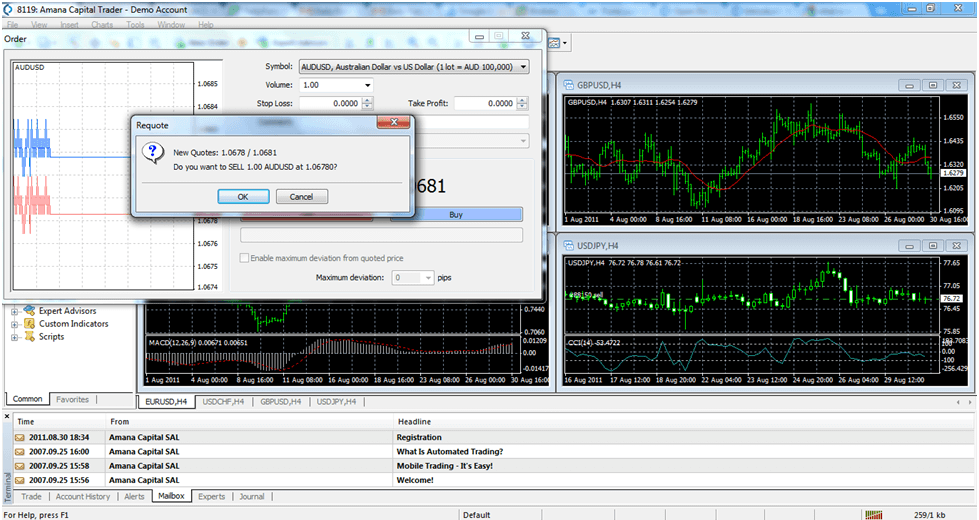 Requote option Requote option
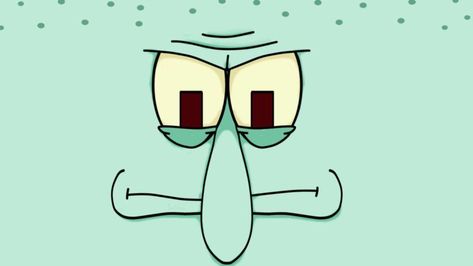 Squidward Face, Squidward Wallpaper, Lab Wallpaper, Grumpy Face, Quick Sketches, Film Posters Minimalist, Spongebob Wallpaper, Minimalist Icons, Wallpaper Laptop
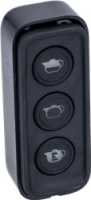 PUSH-BUTTON PANEL 3 BUTTONS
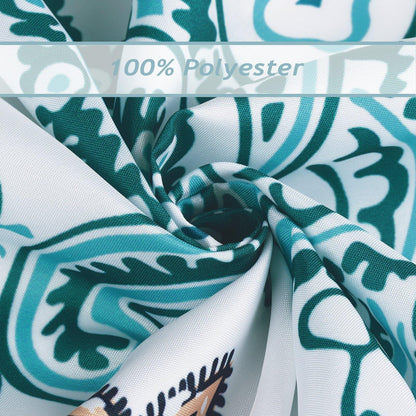 Rynx | Boho Paisley Floral Shower Curtain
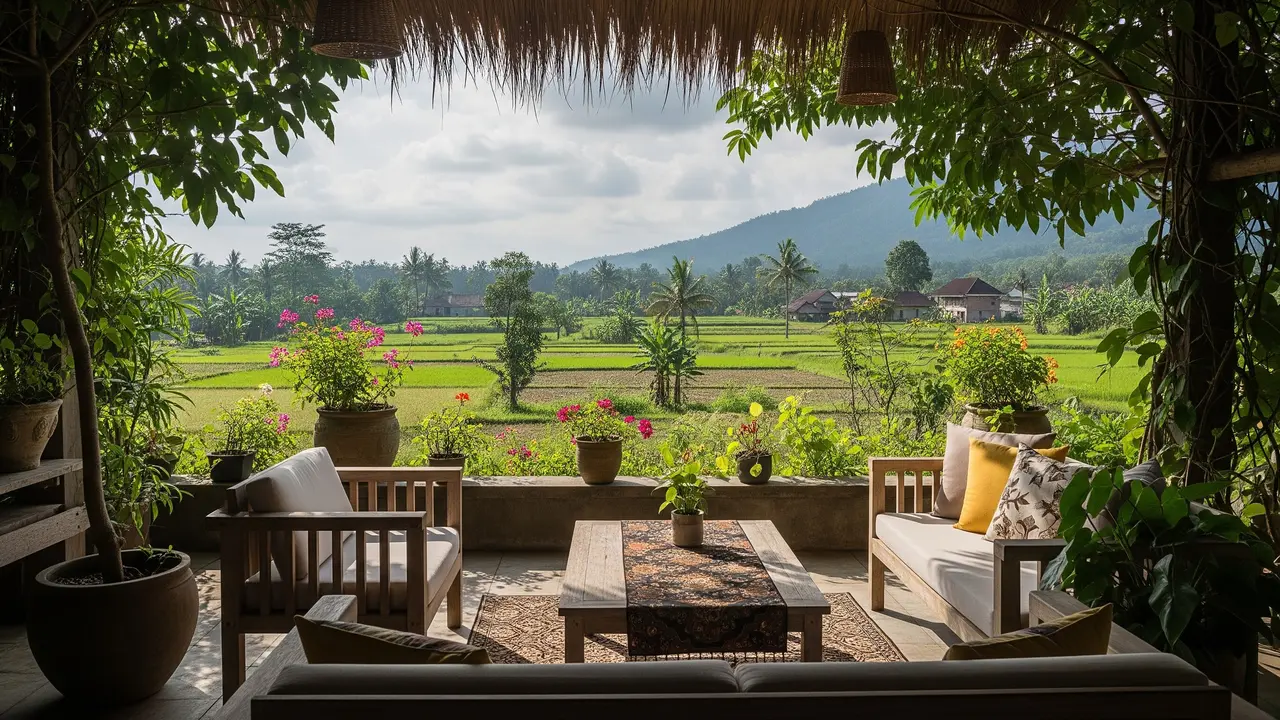 Inspirasi Teras Rumah Nuansa Pedesaan Modern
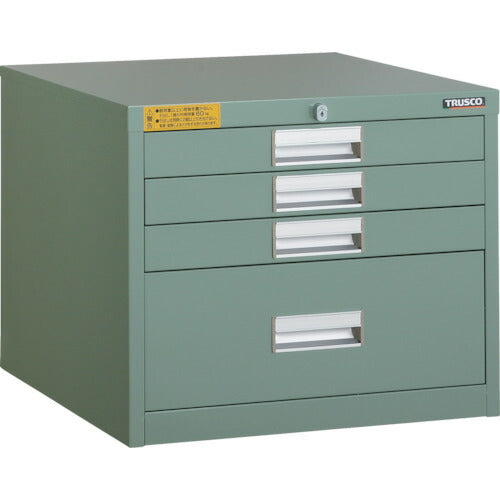 ＴＲＵＳＣＯ　ＬＶＥ型キャビネット　５００Ｘ５５０ＸＨ４２０　引出４段 LVE-421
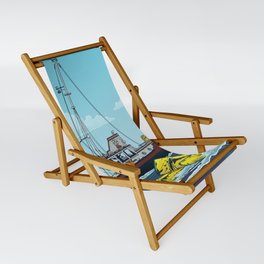 Jaws: Orca Illustration Sling Chair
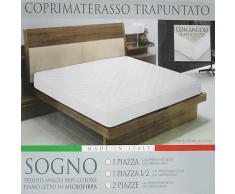 Coprimaterasso Trapuntato singolo 1 piazza con angoli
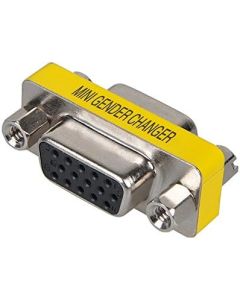 axGear VGA SVGA 15 Pin Female to Female F/F Mini Gender Changer Adapter Connector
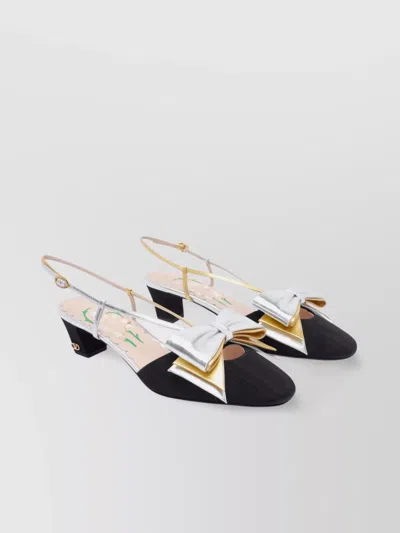 VALENTINO GARAVANI POINTED TOE SLINGBACK MID HEEL PUMPS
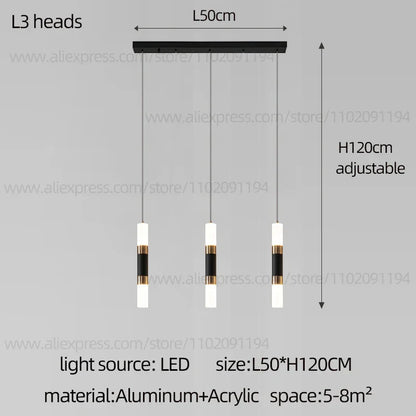 DecorBites™ LED Staircase Chandelier: Modern Duplex Home Lighting for Architectural Decoration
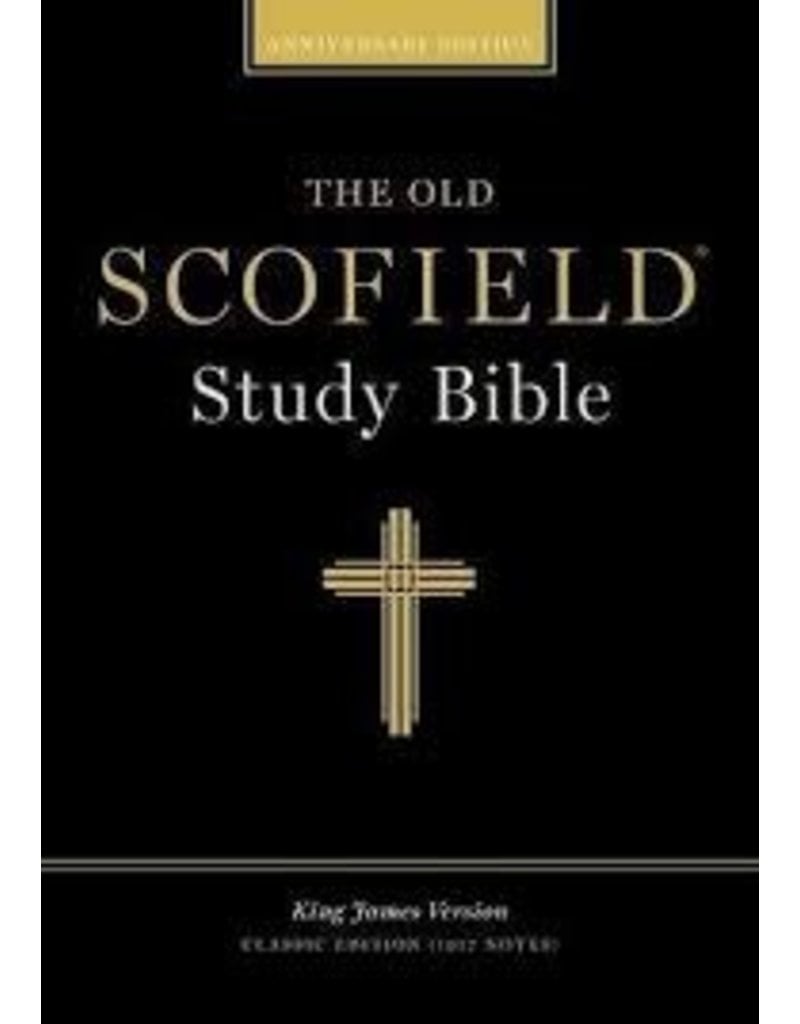 Old Scofield Study Bible, Black Bonded Leather, Thumb-Indexed, Classic Edition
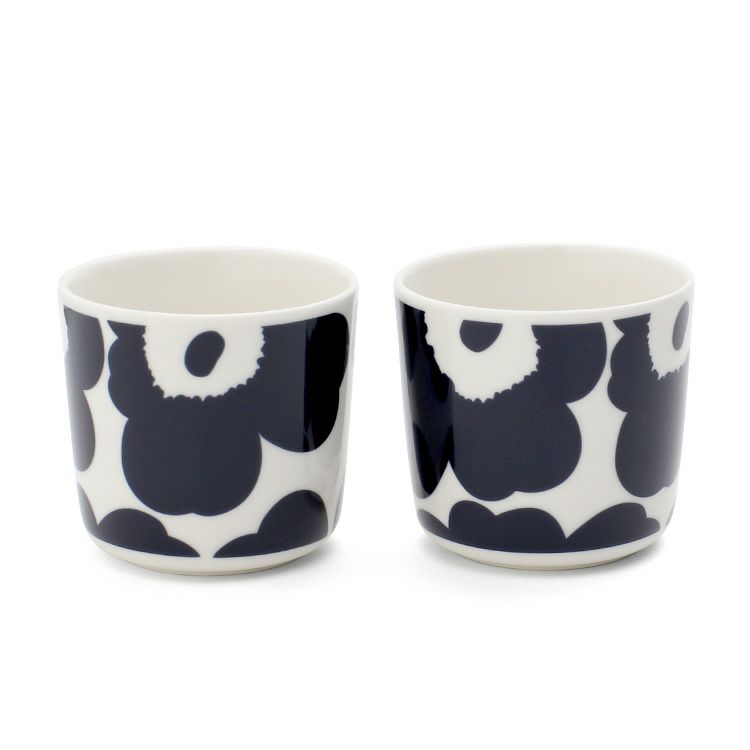 マリメッコ（marimekko） ウニッコ/UNIKKO ラテマグ 200ml ダークブルー/ホワイト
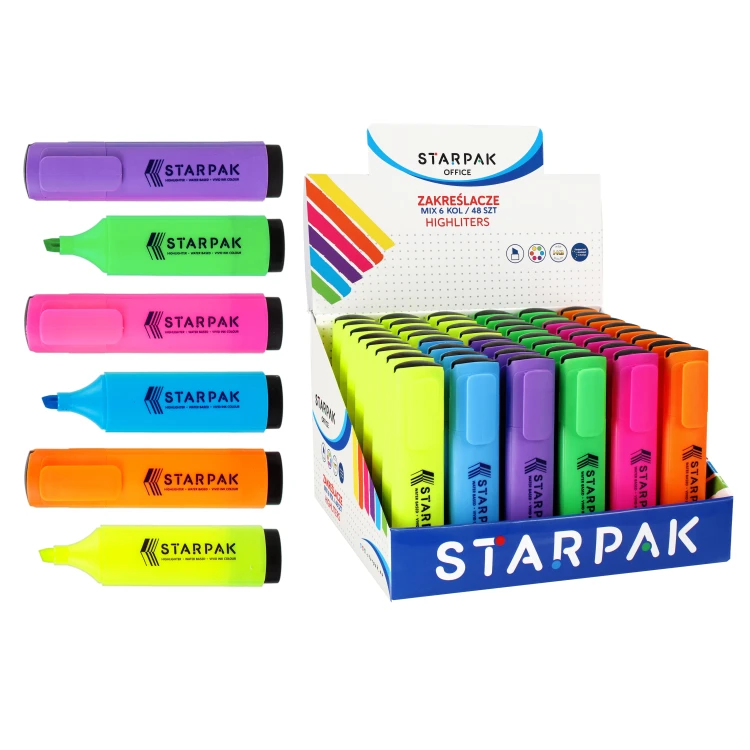 Zakreślacz 6 kolorów mix display A 48  STARPAK 421225 – zdjęcie 2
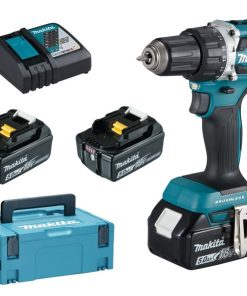 Makita Akku-Bohrschrauber DDF484RT3J 18V 3x 5,0Ah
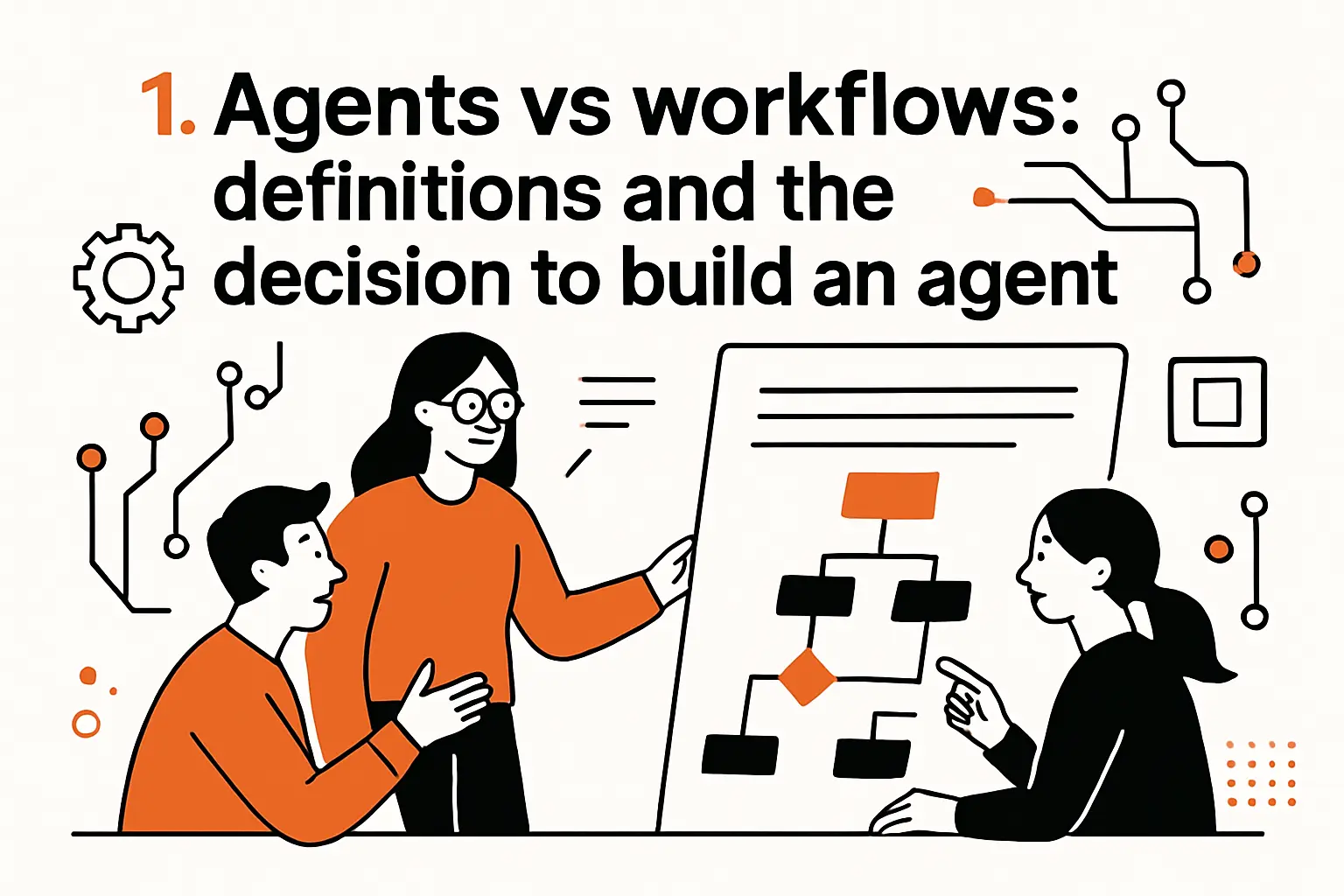 1. Agents vs workflows: definitions and the decision to build an agent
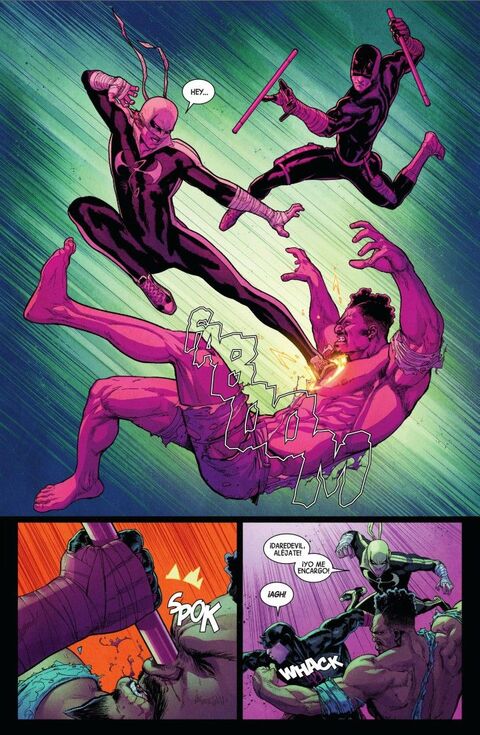 Daredevil and Iron Fist Battle Villain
----
*Problem to work on*
The expected answer is the lines from the one that has "Rynx | Boho Paisley Floral Shower Curtain" to the end of the listing, transcribed exactly, with pictures left out and no other line added.

*Response to this task*
 Rynx | Boho Paisley Floral Shower Curtain
 Inspirasi Teras Rumah Nuansa Pedesaan Modern
 ＴＲＵＳＣＯ　ＬＶＥ型キャビネット　５００Ｘ５５０ＸＨ４２０　引出４段 LVE-421
 Jaws: Orca Illustration Sling Chair
 Coprimaterasso Trapuntato singolo 1 piazza con angoli
 axGear VGA SVGA 15 Pin Female to Female F/F Mini Gender Changer Adapter Connector
 VALENTINO GARAVANI POINTED TOE SLINGBACK MID HEEL PUMPS
 DecorBites™ LED Staircase Chandelier: Modern Duplex Home Lighting for Architectural Decoration
 Old Scofield Study Bible, Black Bonded Leather, Thumb-Indexed, Classic Edition
 マリメッコ（marimekko） ウニッコ/UNIKKO ラテマグ 200ml ダークブルー/ホワイト
 Zakreślacz 6 kolorów mix display A 48  STARPAK 421225 – zdjęcie 2
 Makita Akku-Bohrschrauber DDF484RT3J 18V 3x 5,0Ah
 1. Agents vs workflows: definitions and the decision to build an agent
 Daredevil and Iron Fist Battle Villain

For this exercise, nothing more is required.